There are loads of designs for grid isolation, but most are big circuit breakers, and break the connection by rotating the conductor out of contact, powered by gravity or a spring.

So I think you're basically right, and right to be confused. The solar connection of the risk isn't really clear. But as far as I can tell, they're concerned about a positive feedback loop, where a thermal plant dropping offline will cause a solar plant to trip, which might cause other solar plants to trip. Perhaps solar plants' power electronics are more delicate, and more likely to trip, than thermal plants' switchyard gear. Again, it's not totally clear.

1 comments

A lot of the rules for disconnecting solar were written when solar wasn't expected to be a major part of the grid, so the logic has them trip because that was the sane default.

That's no longer the sane default and the utilities have been slow walking software and hardware updates to fix it.

...and now that might be a problem.

Worse still are areas where laws were enacted that _required_ you to get your solar from your utility vs your roof.

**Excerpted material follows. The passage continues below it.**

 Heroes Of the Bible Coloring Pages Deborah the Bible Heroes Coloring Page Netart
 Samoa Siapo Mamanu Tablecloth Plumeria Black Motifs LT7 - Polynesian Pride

Or there's a "minimum service fee" even though you don't consume any energy. In the early days you could "sell" your excess energy back to the grid. Now you can't and worse still, they don't know how to handle the infrastructure they have to meet the ever changing climates of the western United States.
Where are you where you can’t sell excess electricity back to the grid? You definitely can here in SE Pennsylvania. Amongst the few people I know with solar panels on their roof it’s the most common scenario. Several of them have no battery either so they cannot store excess electricity.
Net-metering has only just been introduced in many southern states after much lobbying from power companies against it. Here in Florida (where I am now) it’s illegal to disconnect your house from the grid if you have solar. There’s a minimum “service fee” of $60 from FPL even if you only used $10 of energy.

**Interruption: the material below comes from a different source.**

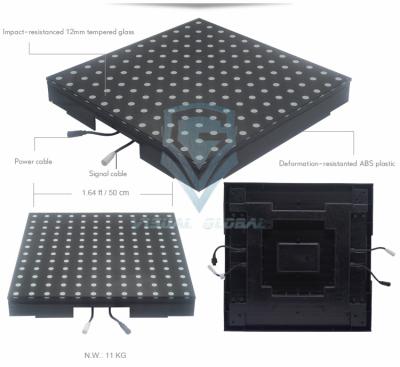 China Ali New Portable 12x12 Pixel Full Stage Interactive Led Sexy Vedio Dance Floor for sale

In many other states run by a certain political party, they have been making it so your net-metered connections are selling back at wholesale rates instead of retail rates, or limiting just how much you _can_ sell back (sell limits).

When I used to work for an energy intelligence company back in 2017 it was worse with legislation across the Midwest and western states that prohibited solar on roofs and required homeowners to pool together for community solar projects (run by the power company) to get their renewable energy.

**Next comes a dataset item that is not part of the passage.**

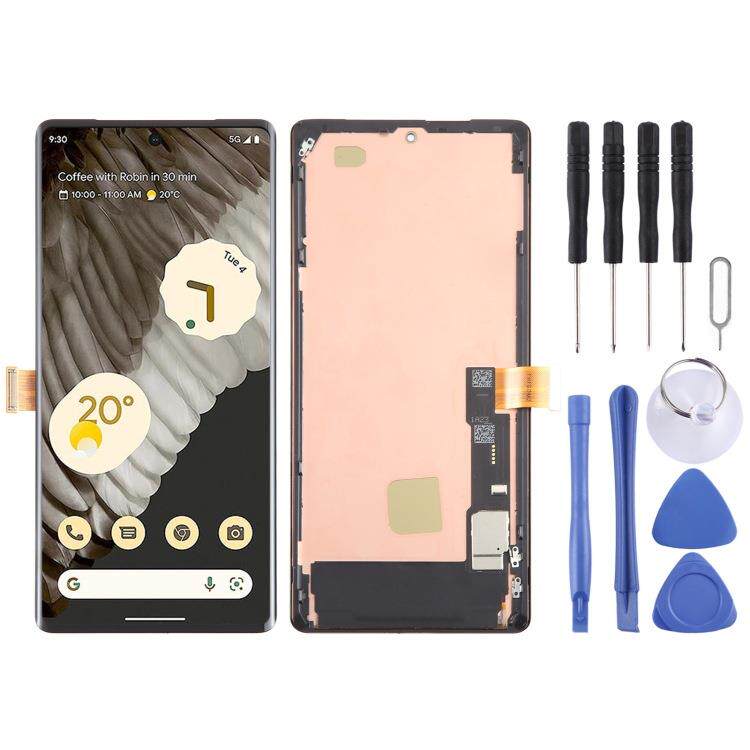适用for Google Pixel 7 Pro GP4BC GE2AE OLED液晶屏幕总成带框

Now, most 47 states have some sort of net-metering at least for wholesale prices but more and more of them are requiring a minimum service fees and making hardships for people to live without them.

There’s a minimum “service fee” of $60 from FPL even if you only used $10 of energy.

I don't see how this is a problem: the maintenance of the electricity grid must be paid somehow, and this is more or less a flat, predictable cost. If you're coming from a situation where the maintenance was previously factored into the price of energy consumption (not a bad way), you're going to have to redesign your billing.

Are you arguing against a maintenance fee in general or just how much it costs?